Retype the lines from the one containing "Sequin Christmas Gnome" through the last line of the entries below, exactly and in full, omitting every image.

(Captioned web images)
━━━━━━━━━━━━━━━━━━━━
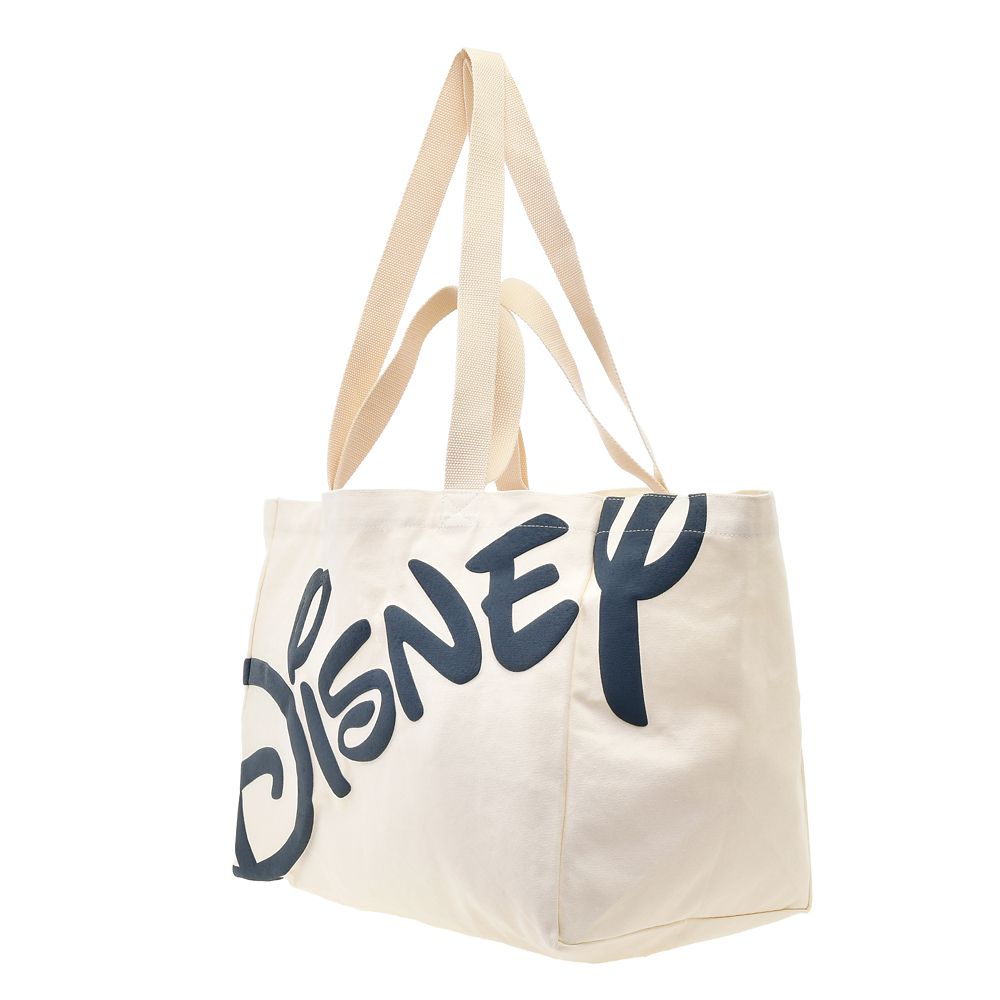 【再入荷】ミッキー トートバッグ メガ Disneyロゴ スタンディングポーズ TOTE BAG Collection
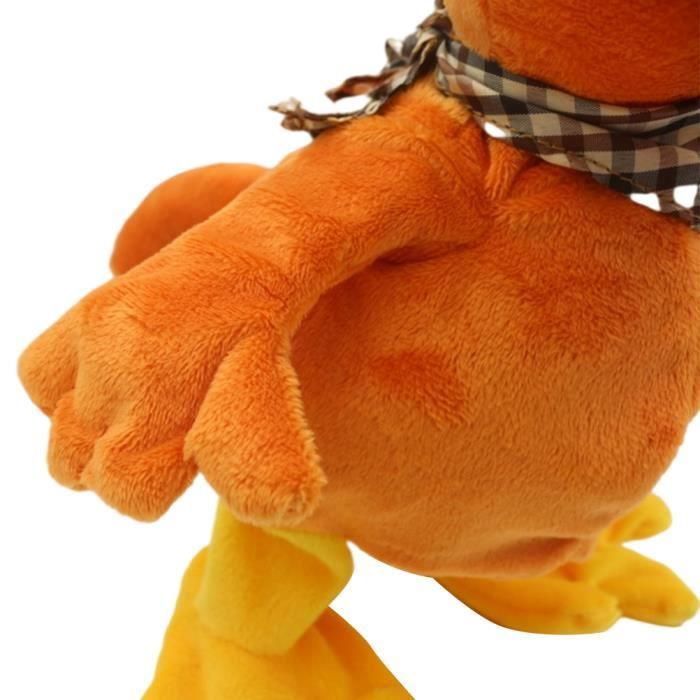Marionnette à Main Poule - Jouet En Peluche Doux Pour Enfants - Éveil, Jeu De Rôle Et Éducation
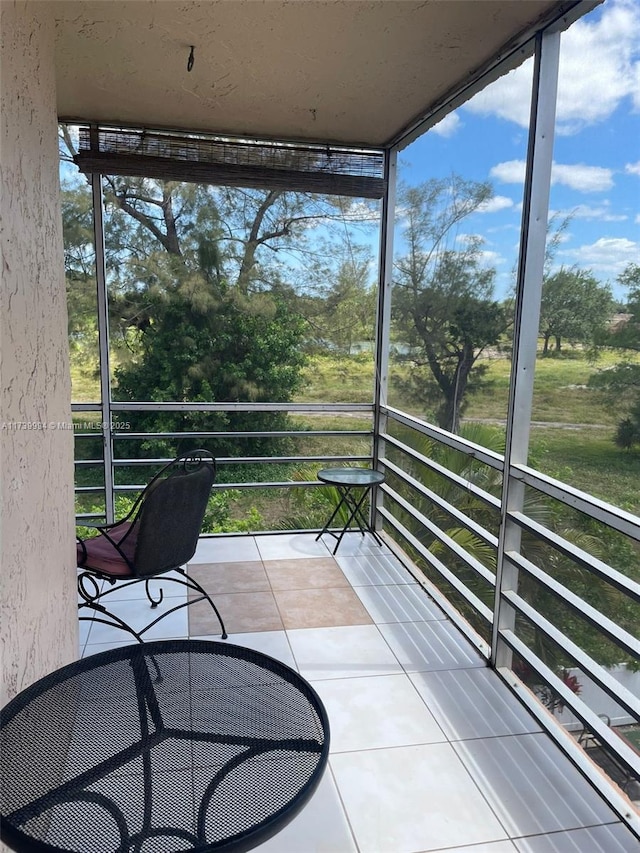 view of sunroom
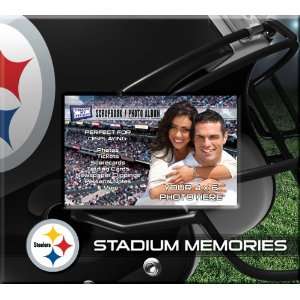  Pittsburgh Steelers 8 x 8 Ticket & Photo Scrapbook Sports 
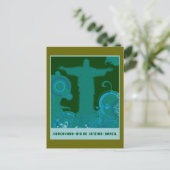 コルコバド図デザイン ポストカード (スタンド正面)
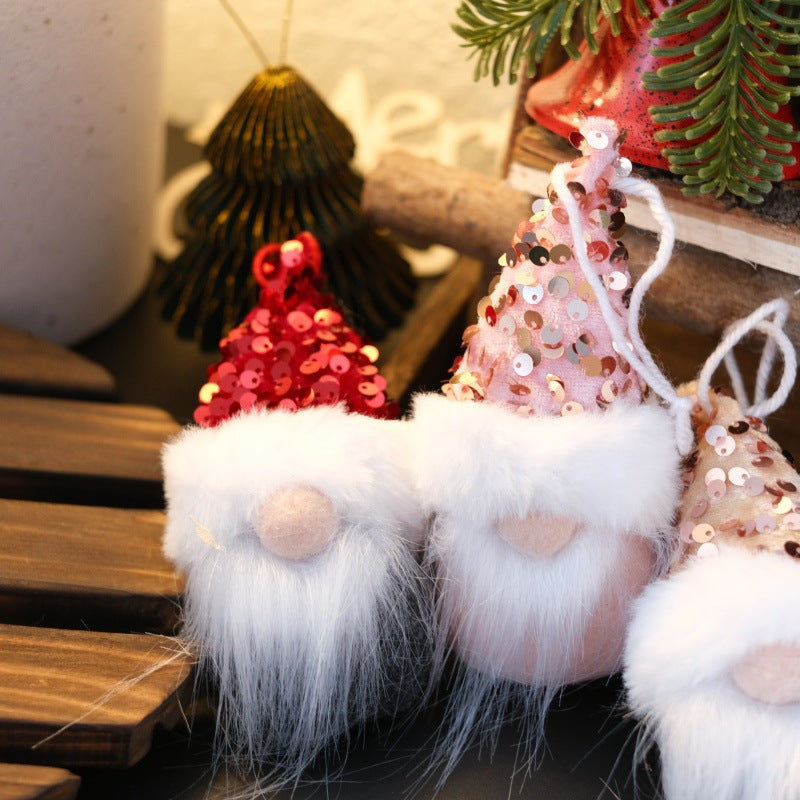 Sequin Christmas Gnome Ornament for Cozy Tree Decor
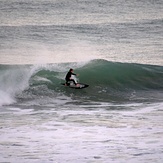 Evening glassy surf at Wainui Beach, Wainui Beach - Whales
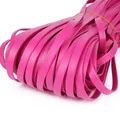 PU Lederband bunt 4 bis 15 mm 5 Meter für DIY Schlüsselanhänger – Farbe rose red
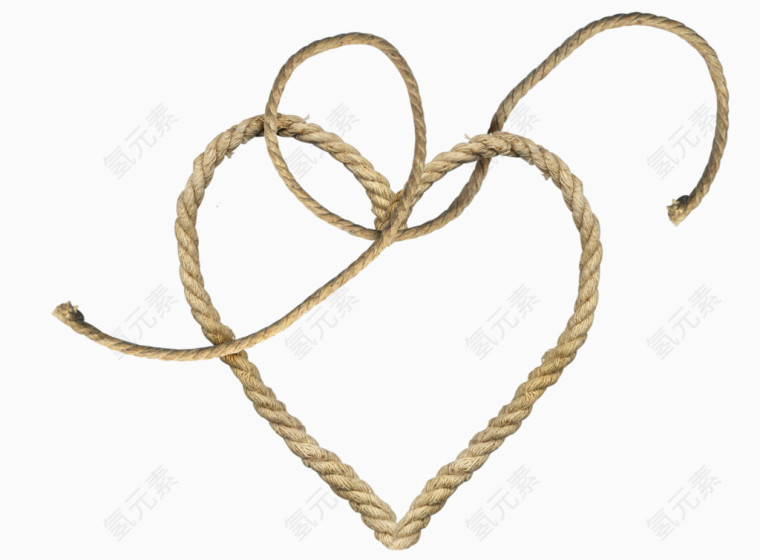 塑造心形图案的绳子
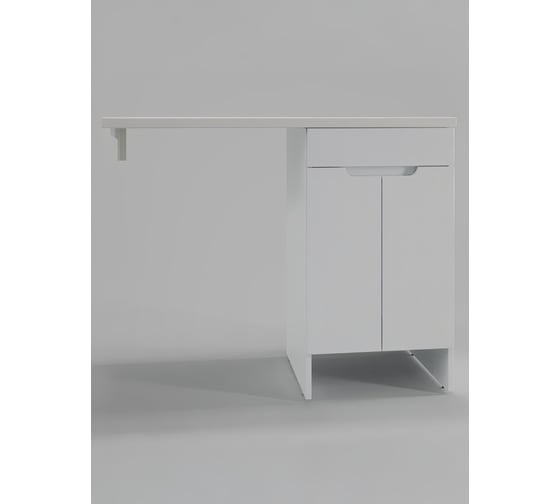 Тумба напольная с правой раковиной под стиральную машину Клин Agger 110 см, белый, CLE1100ANWH-D-SKR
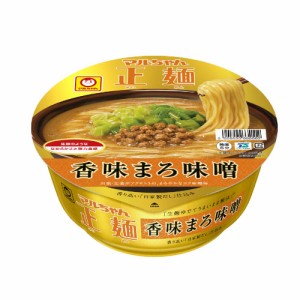 東洋水産　マルちゃん正麺 カップ 香味まろ味噌　129g（めん75g）×12個×2セット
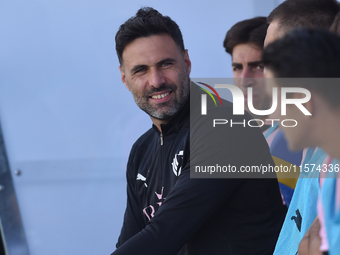 Salvatore Sirigu of Palermo FC during the Serie B match between SS Juve Stabia and Palermo FC at Stadio Romeo Menti Castellammare Di Stabia...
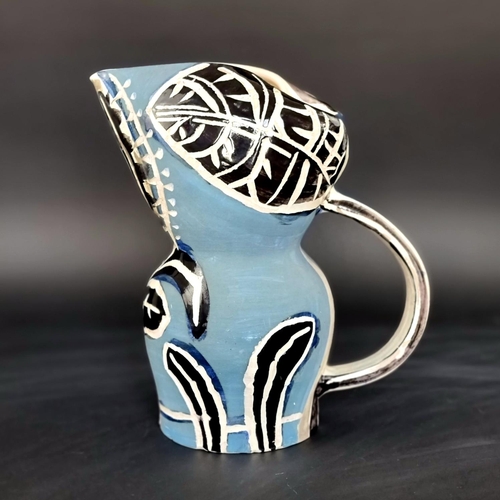 1410 - A Madoura pottery Edition Picasso 'Gothique aux Feuilles' pitcher, impressed and painted marks, 31cm... 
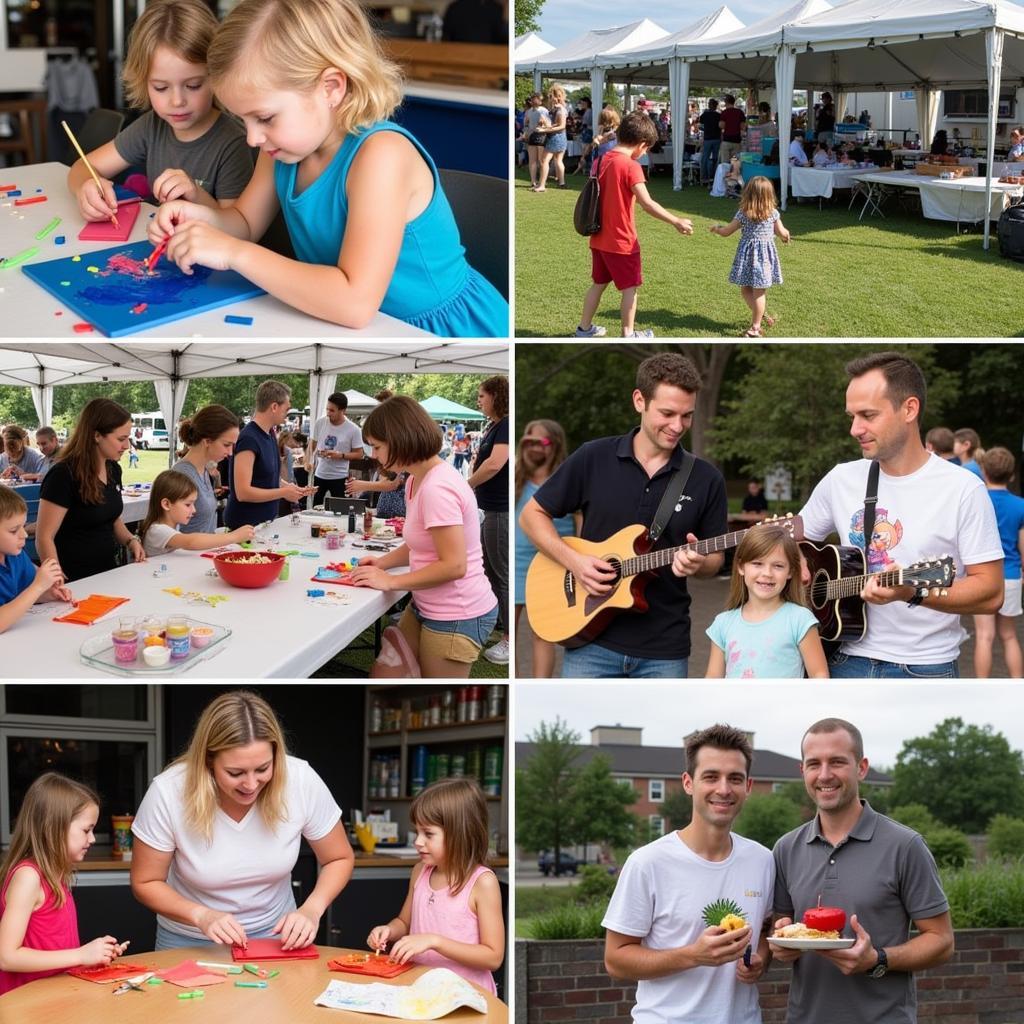 Families enjoying activities at Art in the Park Yuma AZ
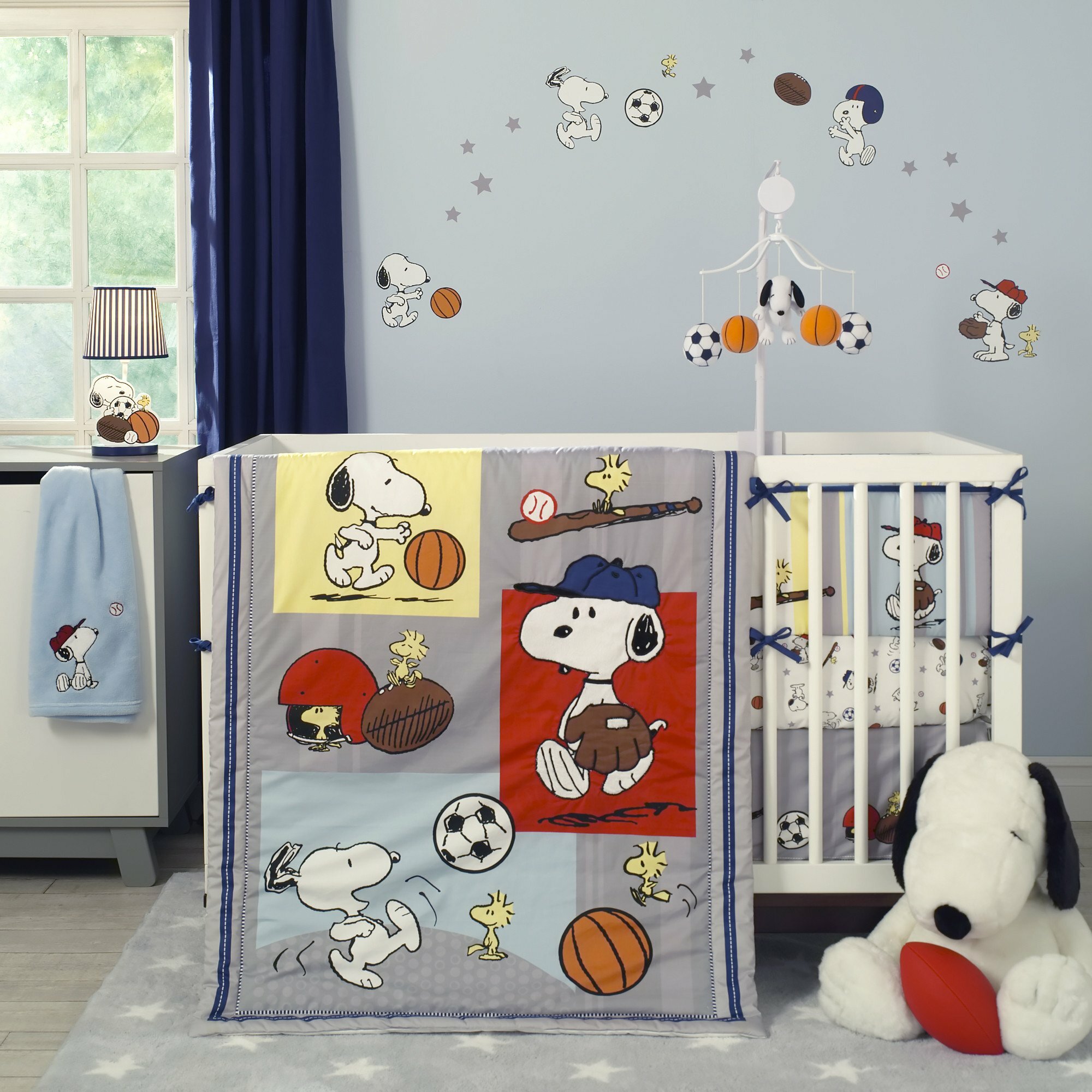 lambs and ivy sports crib bedding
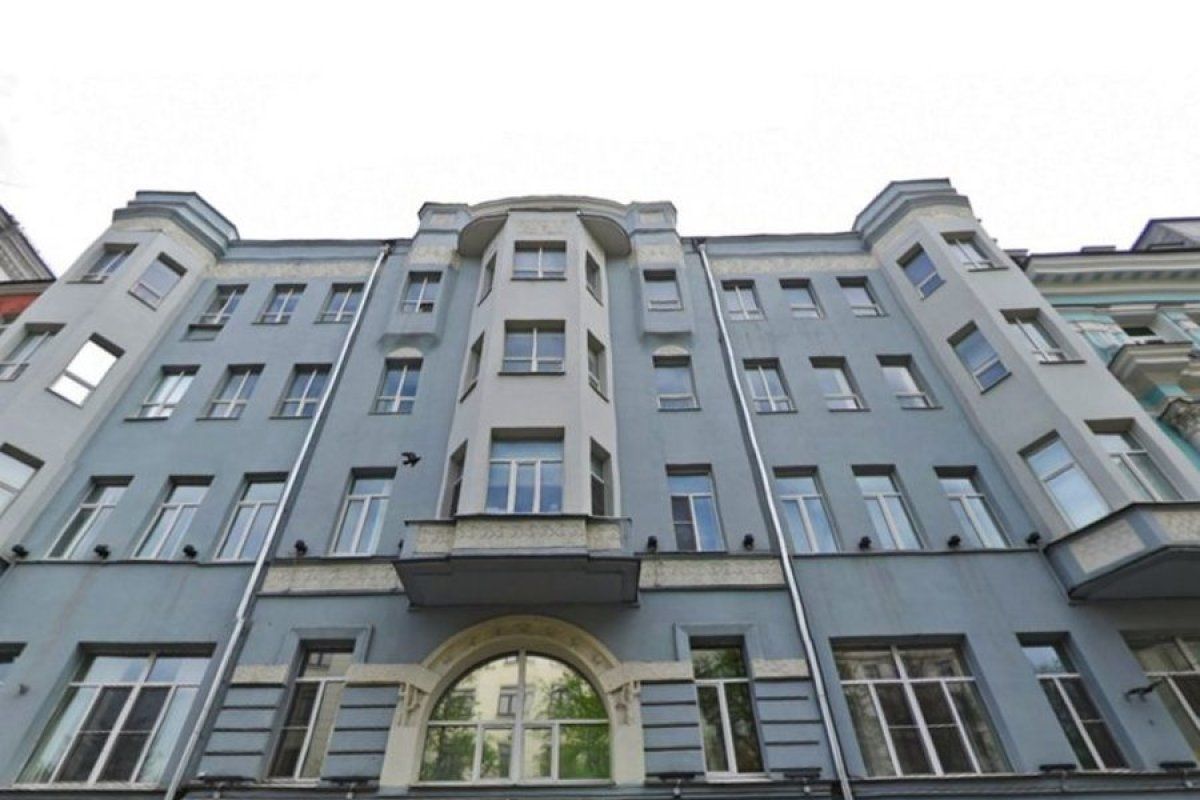 фасад дома, Бизнес-центр Мясницкая, 38с1 по адресу г Москва, ул Мясницкая, д 38 стр 1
━━━━━━━━━━━━━━━━━━━━
**YOUR RESPONSE:**
 Sequin Christmas Gnome Ornament for Cozy Tree Decor
 Evening glassy surf at Wainui Beach, Wainui Beach - Whales
 PU Lederband bunt 4 bis 15 mm 5 Meter für DIY Schlüsselanhänger – Farbe rose red
 塑造心形图案的绳子
 Тумба напольная с правой раковиной под стиральную машину Клин Agger 110 см, белый, CLE1100ANWH-D-SKR
 東洋水産　マルちゃん正麺 カップ 香味まろ味噌　129g（めん75g）×12個×2セット
 Salvatore Sirigu of Palermo FC during the Serie B match between SS Juve Stabia and Palermo FC at Stadio Romeo Menti Castellammare Di Stabia...
 1410 - A Madoura pottery Edition Picasso 'Gothique aux Feuilles' pitcher, impressed and painted marks, 31cm... 
 Families enjoying activities at Art in the Park Yuma AZ
 lambs and ivy sports crib bedding
 фасад дома, Бизнес-центр Мясницкая, 38с1 по адресу г Москва, ул Мясницкая, д 38 стр 1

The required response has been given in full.